No pictures, nothing altered: return the data below.

========================================================================

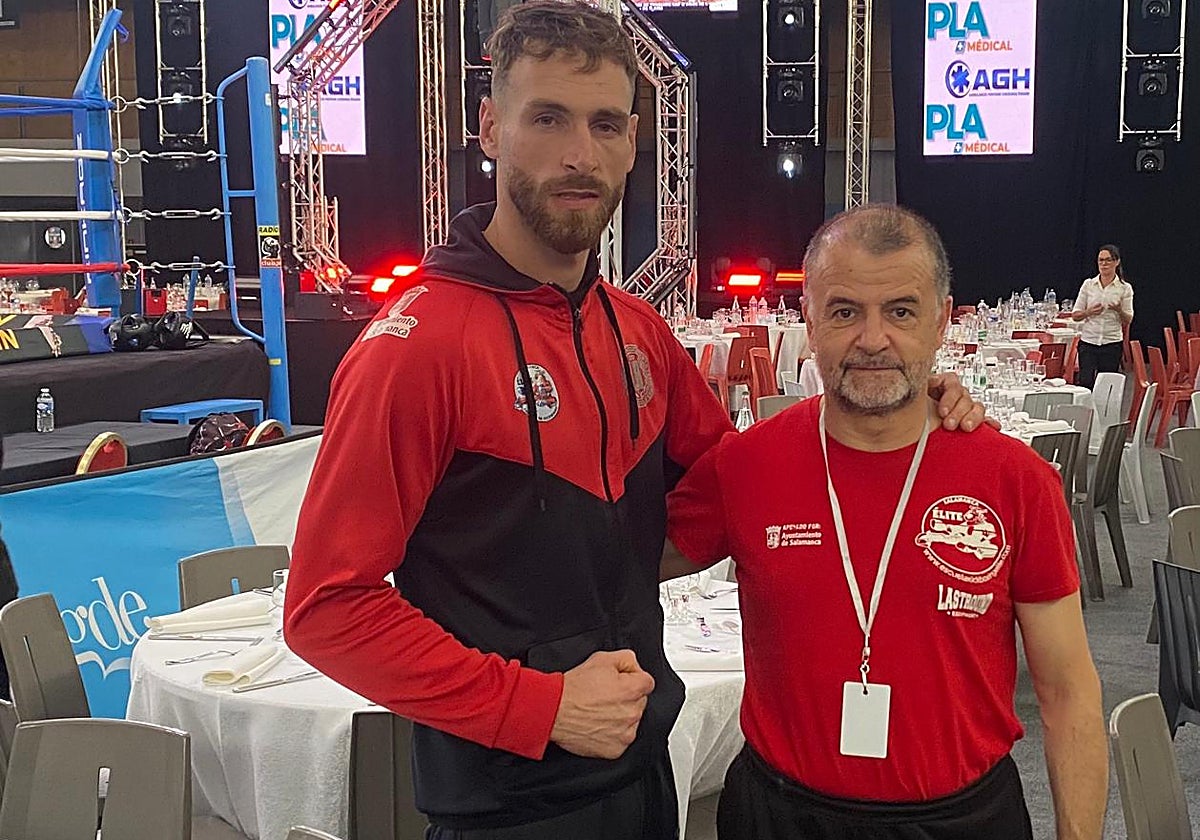 Andrés Bernabé, con su entrenador, Manuel García Ramiro.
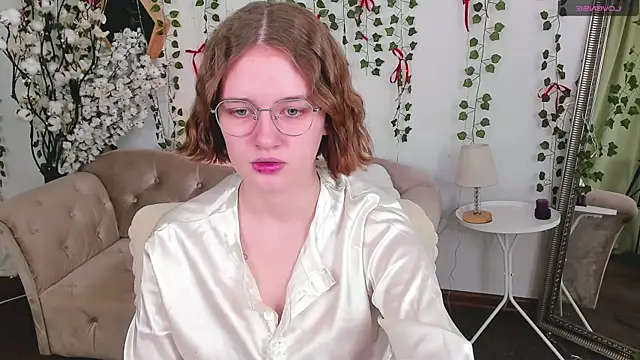 Mia Mooore online show from March 19, 1:26 pm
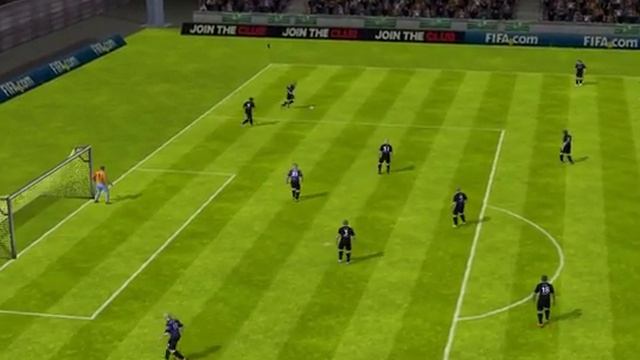FIFA 13 iPhone/iPad - South America vs. FSV Frankfurt смотреть онлайн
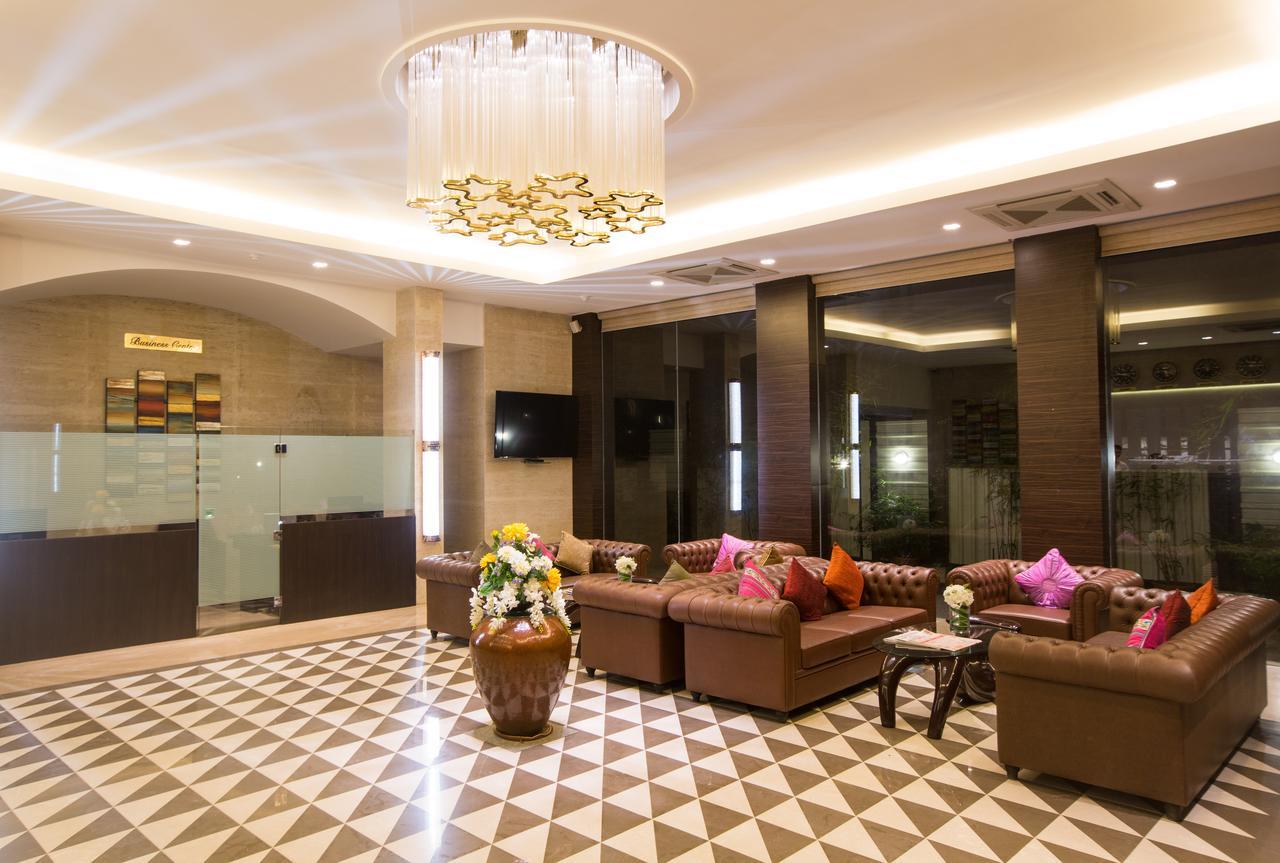 Hotel Grand Visava Лонавала Экстерьер фото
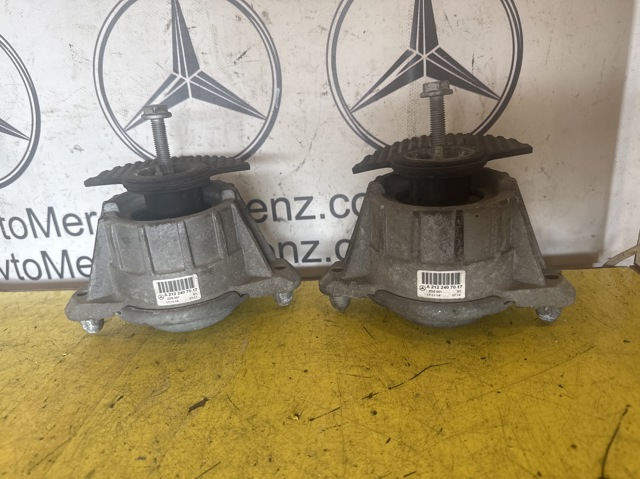 Права подушка двигуна A2122407017 MERCEDES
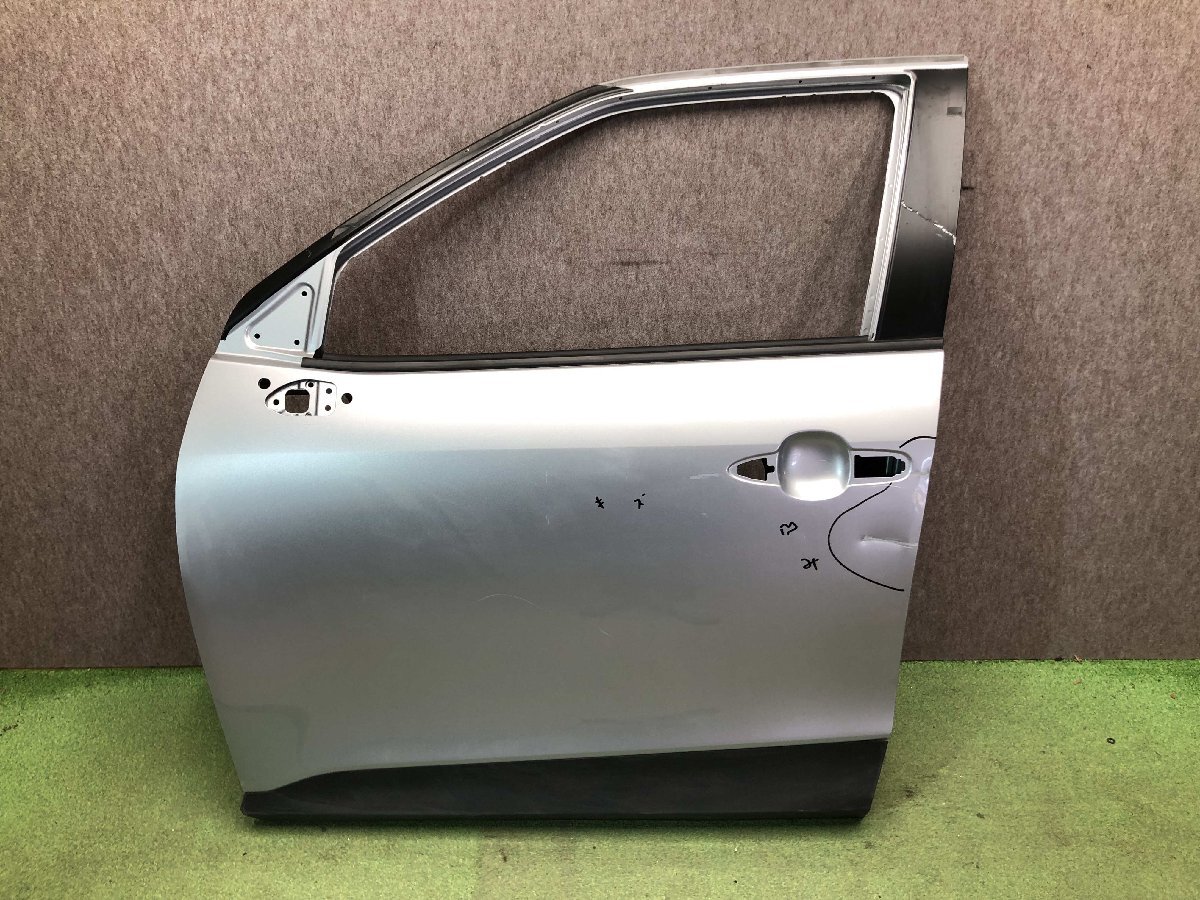 MXPB10/MXPB15/MXPJ10/MXPJ15 ヤリスクロス 純正 左フロントドア ヤリスクロス MXPB10 MXPB15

========================================================================

OUTPUT:
 Andrés Bernabé, con su entrenador, Manuel García Ramiro.
 Mia Mooore online show from March 19, 1:26 pm
FIFA 13 iPhone/iPad - South America vs. FSV Frankfurt смотреть онлайн
 Hotel Grand Visava Лонавала Экстерьер фото
 Права подушка двигуна A2122407017 MERCEDES
 MXPB10/MXPB15/MXPJ10/MXPJ15 ヤリスクロス 純正 左フロントドア ヤリスクロス MXPB10 MXPB15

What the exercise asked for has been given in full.